Lawyers behaving badly: offering discounts!

Larry Ribstein —  14 February 2011

PoL invited “Truth on the Market bloggers” to tackle this one.  How could we resist? 

It seems that while the NC bar is apparently unfazed by 40% contingency fees, they’re right on the case when it comes to a law firm offering consumers a discount on services through Groupon.  According to the ABAJ:

[T]he Law Offices of Craig S. Redler & Associates in St. Louis, offered to provide a will and durable power of attorney for $99. Groupon gets paid a percentage of the amount earned by the advertiser, and that’s the issue that will be considered by the North Carolina ethics subcommittee. A proposed opinion written by committee staffers opines that the arrangement amounts to impermissible fee-sharing with a nonlawyer, according to an Oyez column by North Carolina Lawyers Weekly. * * *Redler says the firm lost money when clients got the $99 will and power of attorney. But the ad brought calls from a lot of new clients, most of whom sought additional legal services. From that standpoint, he says, the Groupon worked well.

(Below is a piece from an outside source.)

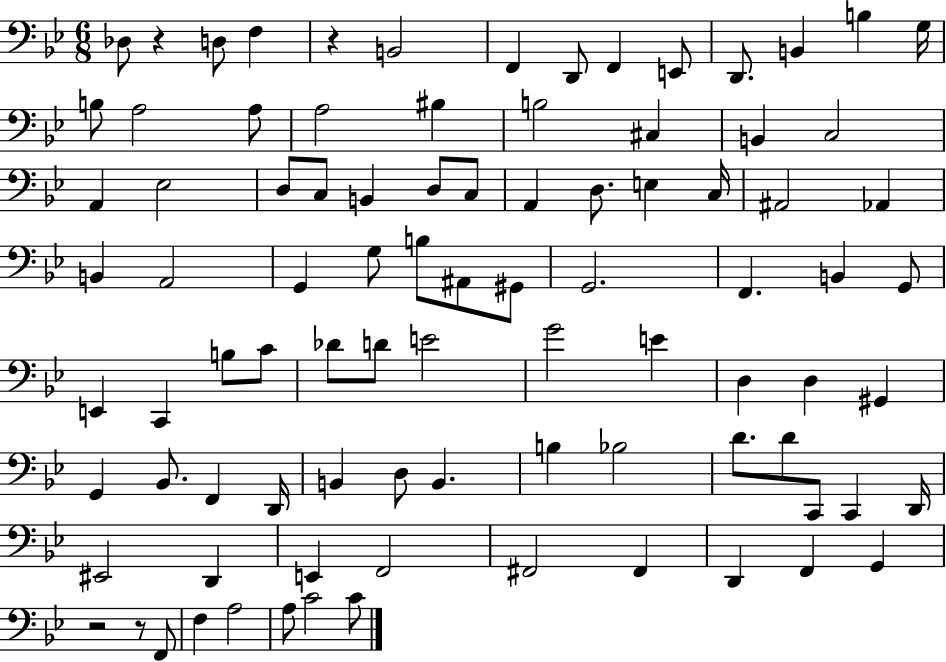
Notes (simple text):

Db3/e R/q D3/e F3/q R/q B2/h F2/q D2/e F2/q E2/e D2/e. B2/q B3/q G3/s B3/e A3/h A3/e A3/h BIS3/q B3/h C#3/q B2/q C3/h A2/q Eb3/h D3/e C3/e B2/q D3/e C3/e A2/q D3/e. E3/q C3/s A#2/h Ab2/q B2/q A2/h G2/q G3/e B3/e A#2/e G#2/e G2/h. F2/q. B2/q G2/e E2/q C2/q B3/e C4/e Db4/e D4/e E4/h G4/h E4/q D3/q D3/q G#2/q G2/q Bb2/e. F2/q D2/s B2/q D3/e B2/q. B3/q Bb3/h D4/e. D4/e C2/e C2/q D2/s EIS2/h D2/q E2/q F2/h F#2/h F#2/q D2/q F2/q G2/q R/h R/e F2/e F3/q A3/h A3/e C4/h C4/e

Law practice commentator Carolyn Elefant, quoted in the ABAJ article, notes:

Though to date, North Carolina is the only disciplinary body that has expressly addressed Groupon, others have ruled on the ethics of other types of discounted services. A number of state disciplinary bodies don’t approve of the practice, finding that discounts may be deceptive (for example, offering a “free” consult when a lawyer never charges for consults anyway), or can give rise to a conflict of interest or constitute a “fee” in exchange for referral if given to a third party, like a realtor, for distribution.

Well, it’s obvious that Groupons or similar devices will divert lawyers from their usual straight and narrow by leading them into all sorts of nefarious practices. After all, what could be more unethical than lawyers reducing prices?

But lawyers better get ready.  Bruce Kobayashi and I discuss even more basic threats to their high-priced business model rumbling down the track.

Larry Ribstein


Professor of Law, University of Illinois College of Law

6 responses to Lawyers behaving badly: offering discounts!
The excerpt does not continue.